#### TASK OBJECTIVE:
Instruction for the entries below: return the part that opens with the line containing "Strongholds and Sanctuaries: The" and closes with the line containing "A caneca de", exactly, and no pictures.

Brief descriptive captions
__________________________________________________
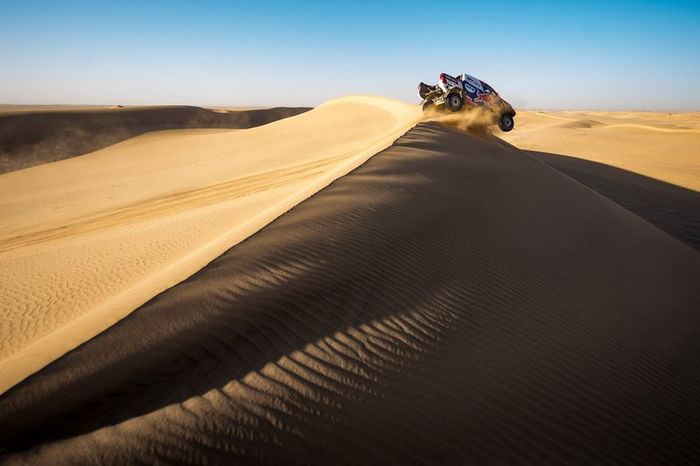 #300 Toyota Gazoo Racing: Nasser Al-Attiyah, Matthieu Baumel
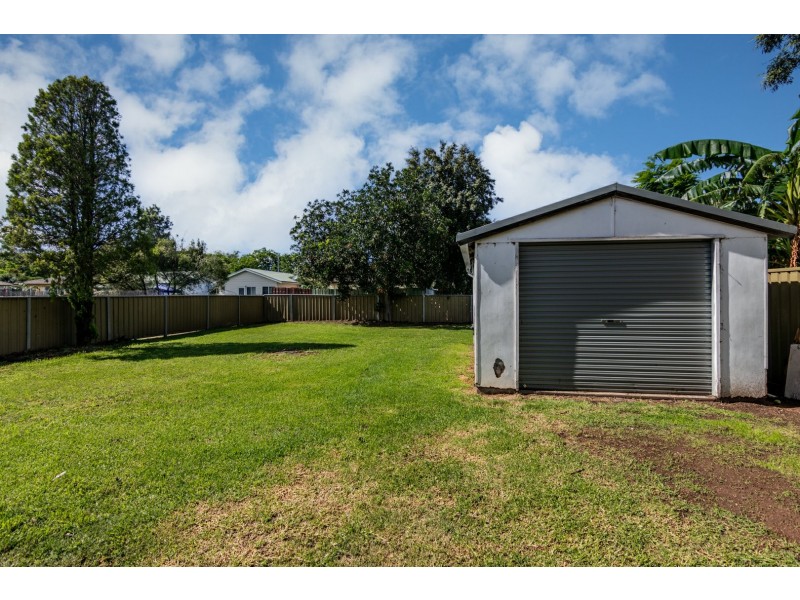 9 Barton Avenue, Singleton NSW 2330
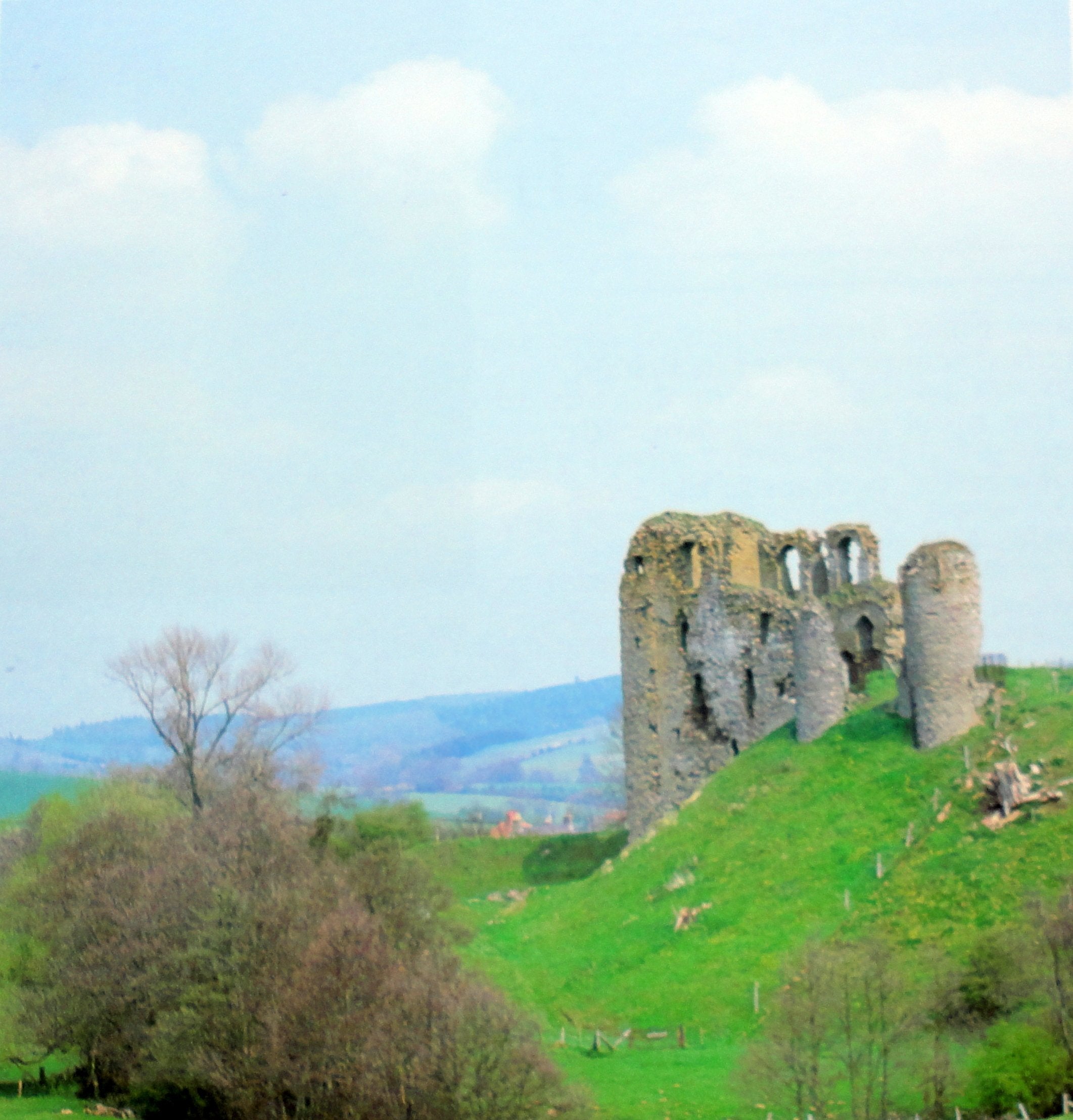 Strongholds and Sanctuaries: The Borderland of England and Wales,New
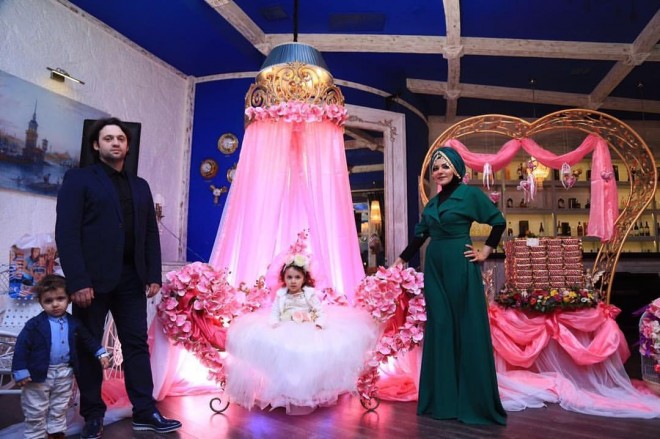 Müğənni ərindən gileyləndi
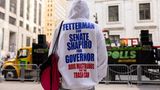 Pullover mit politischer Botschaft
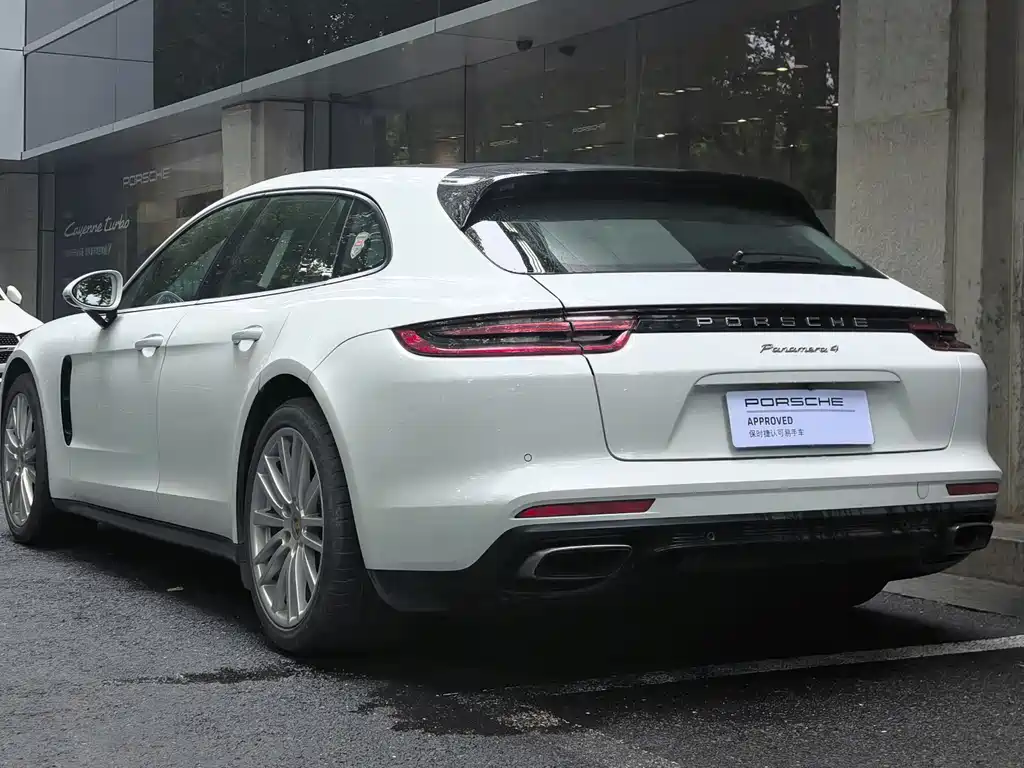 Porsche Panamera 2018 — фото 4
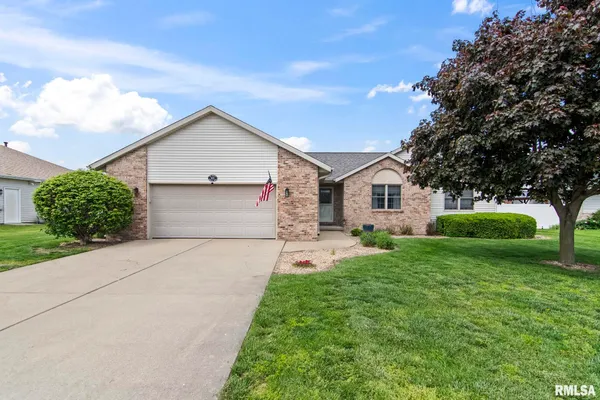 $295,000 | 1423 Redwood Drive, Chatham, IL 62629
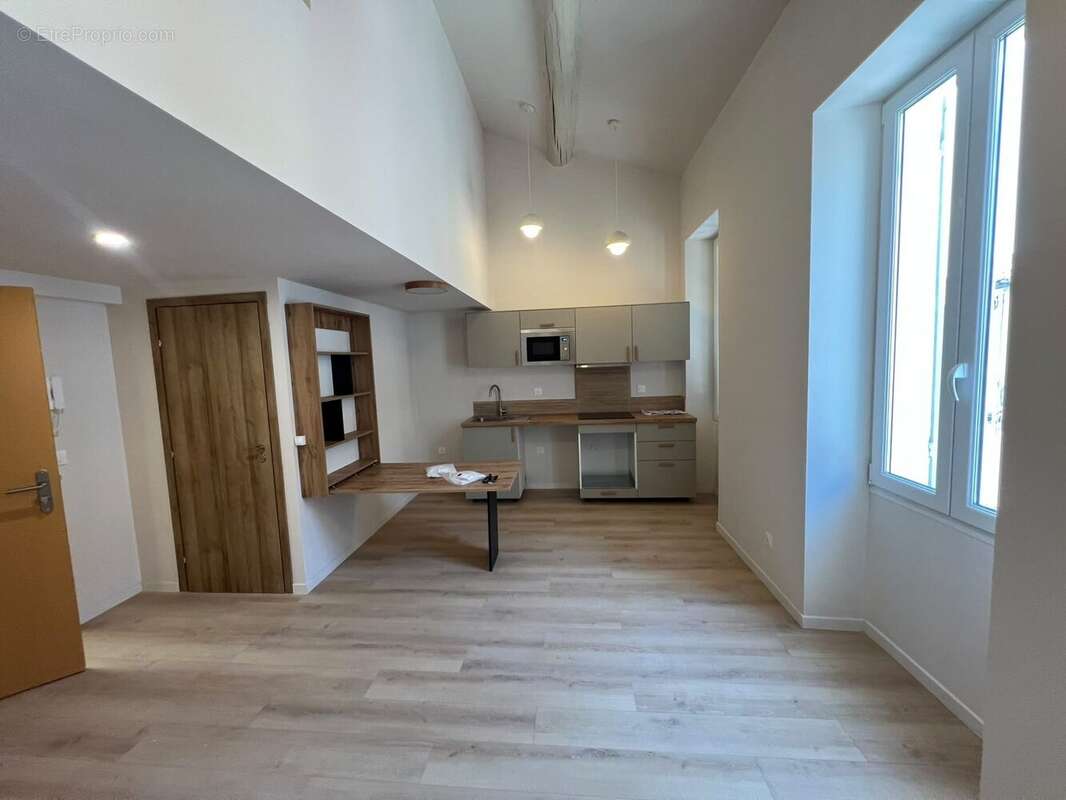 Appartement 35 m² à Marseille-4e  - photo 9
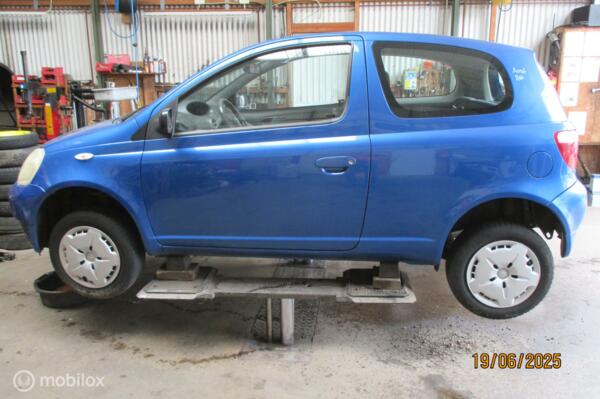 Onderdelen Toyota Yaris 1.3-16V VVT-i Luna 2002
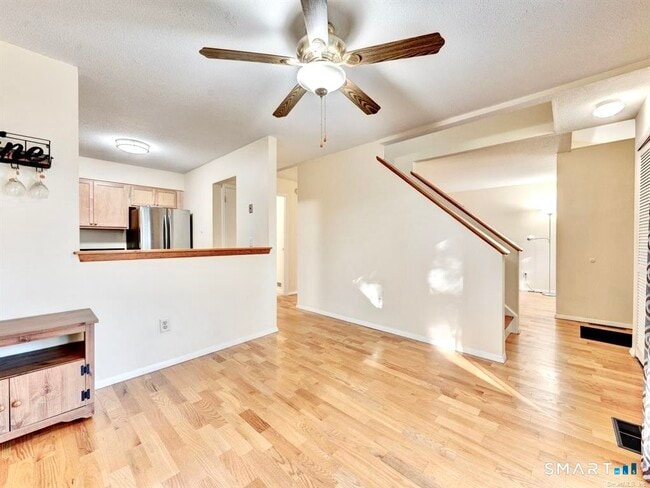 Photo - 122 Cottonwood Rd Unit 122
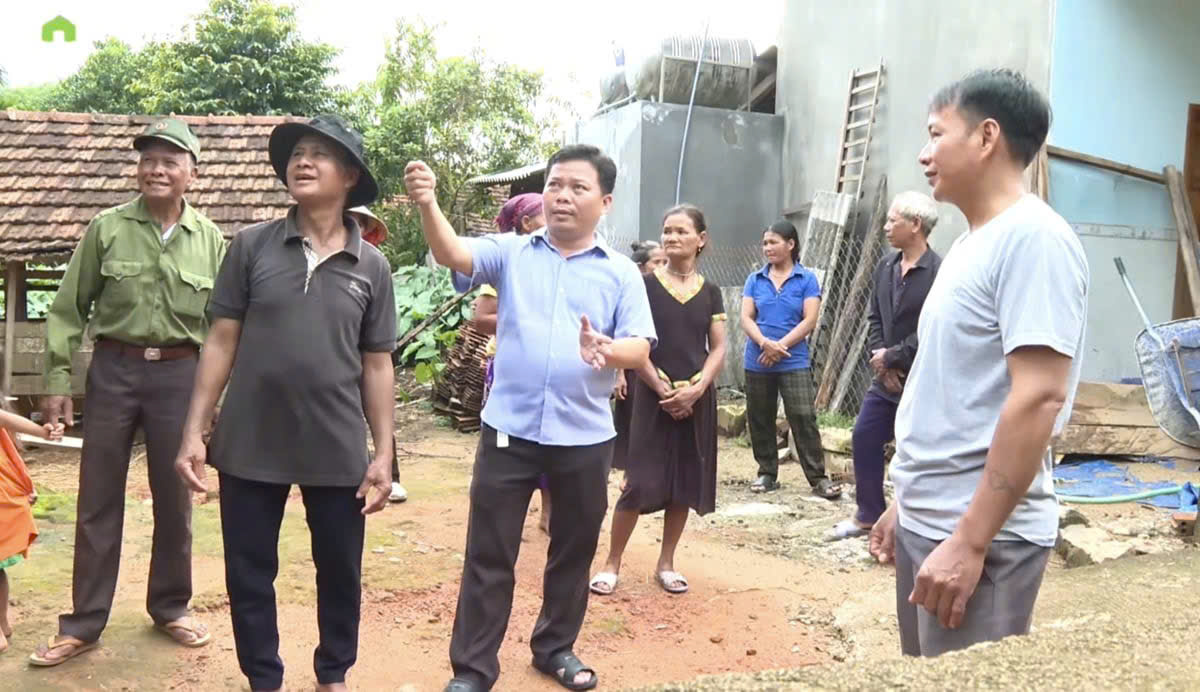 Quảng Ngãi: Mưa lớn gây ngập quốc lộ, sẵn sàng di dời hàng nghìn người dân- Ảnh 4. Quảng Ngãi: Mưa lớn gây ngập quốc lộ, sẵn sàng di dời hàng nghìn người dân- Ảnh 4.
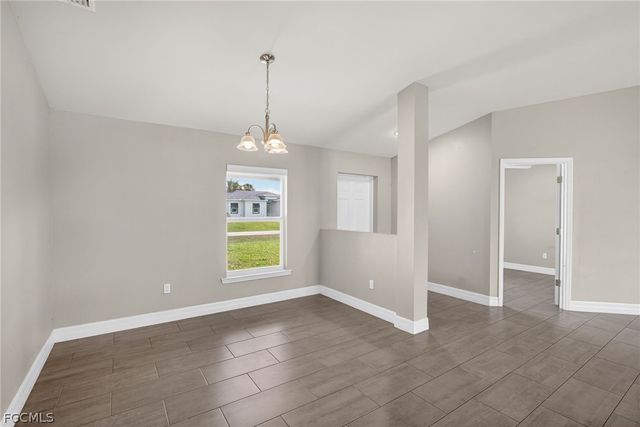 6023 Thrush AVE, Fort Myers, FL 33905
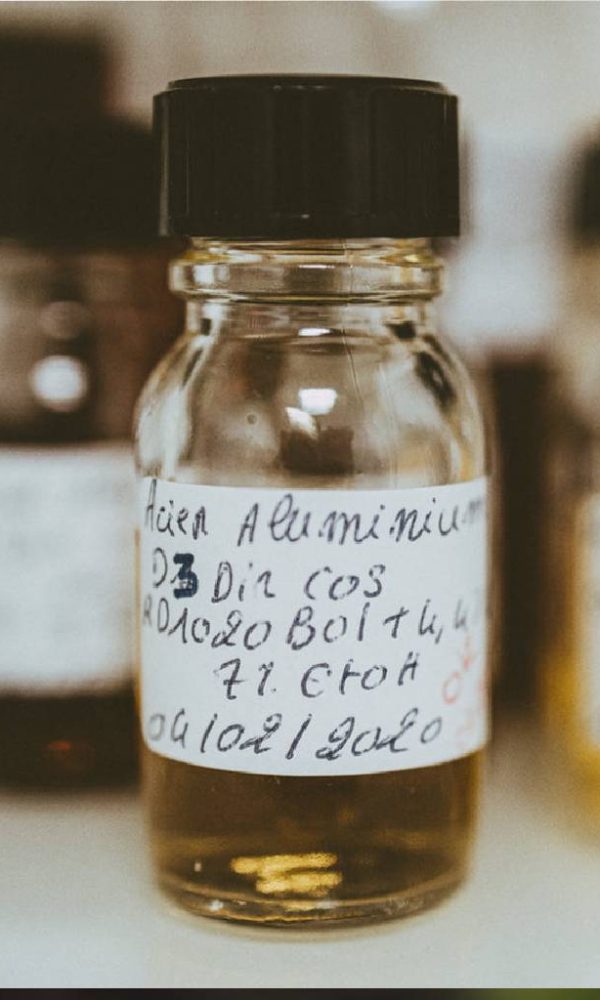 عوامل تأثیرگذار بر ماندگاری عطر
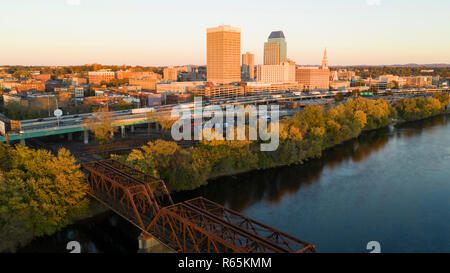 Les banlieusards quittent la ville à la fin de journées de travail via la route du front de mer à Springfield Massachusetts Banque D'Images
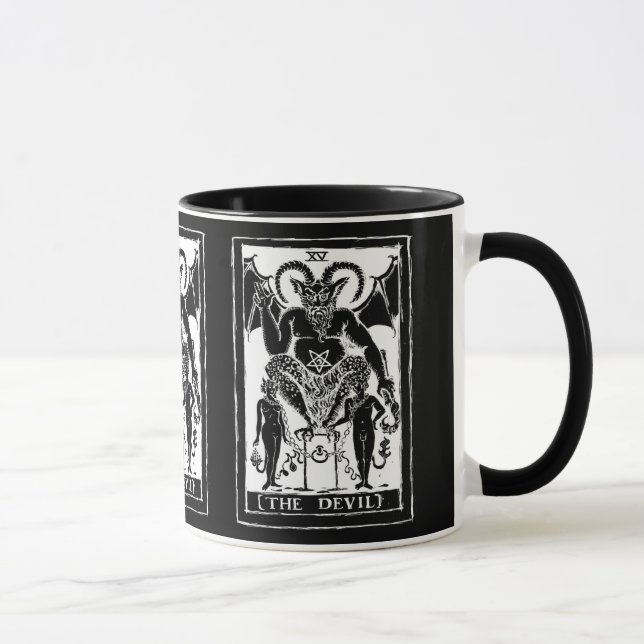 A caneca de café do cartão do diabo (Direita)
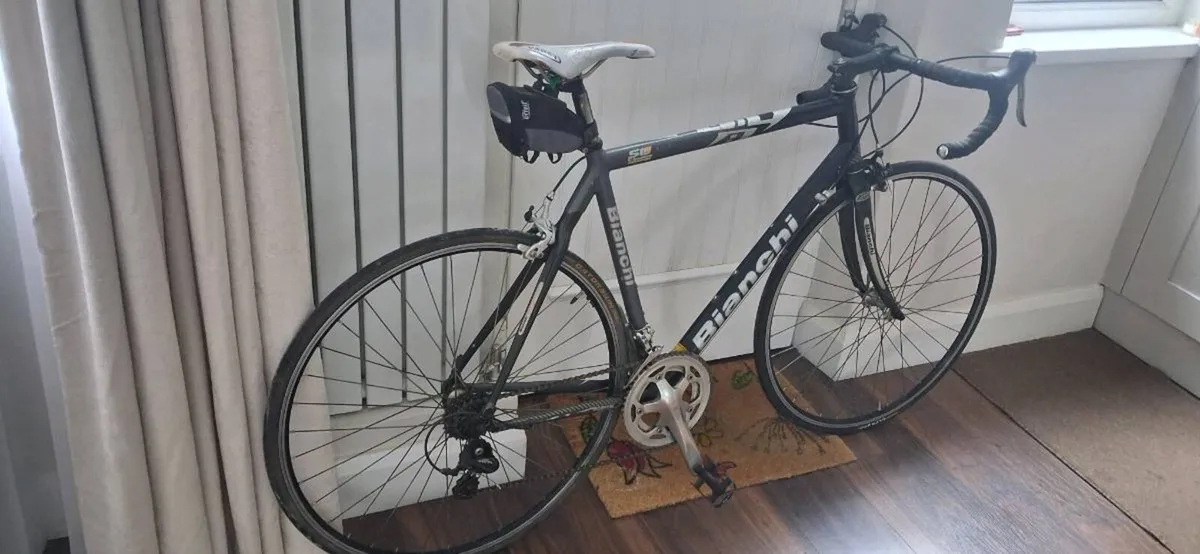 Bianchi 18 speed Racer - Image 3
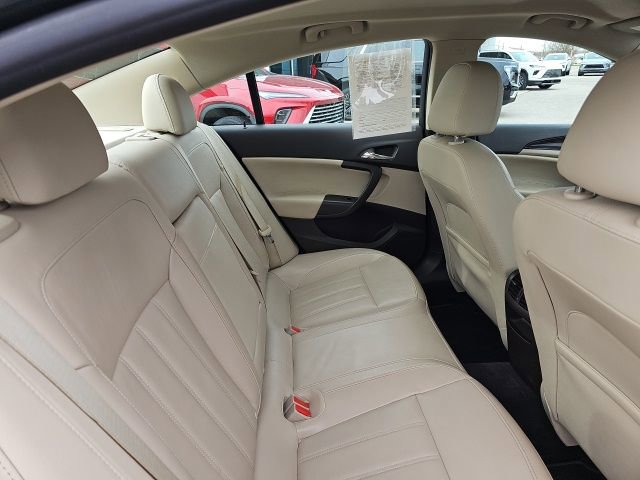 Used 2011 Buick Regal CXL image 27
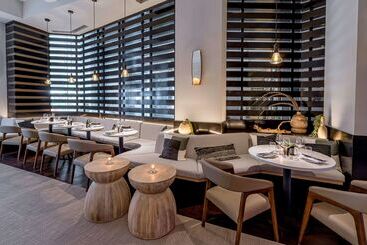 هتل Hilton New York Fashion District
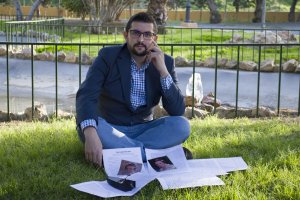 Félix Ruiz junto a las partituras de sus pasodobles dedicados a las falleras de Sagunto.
__________________________________________________
#### WRITTEN SOLUTION:
 Strongholds and Sanctuaries: The Borderland of England and Wales,New
 Müğənni ərindən gileyləndi
 Pullover mit politischer Botschaft
 Porsche Panamera 2018 — фото 4
 $295,000 | 1423 Redwood Drive, Chatham, IL 62629
 Appartement 35 m² à Marseille-4e  - photo 9
 Onderdelen Toyota Yaris 1.3-16V VVT-i Luna 2002
 Photo - 122 Cottonwood Rd Unit 122
 Quảng Ngãi: Mưa lớn gây ngập quốc lộ, sẵn sàng di dời hàng nghìn người dân- Ảnh 4. Quảng Ngãi: Mưa lớn gây ngập quốc lộ, sẵn sàng di dời hàng nghìn người dân- Ảnh 4.
 6023 Thrush AVE, Fort Myers, FL 33905
 عوامل تأثیرگذار بر ماندگاری عطر
 Les banlieusards quittent la ville à la fin de journées de travail via la route du front de mer à Springfield Massachusetts Banque D'Images
 A caneca de café do cartão do diabo (Direita)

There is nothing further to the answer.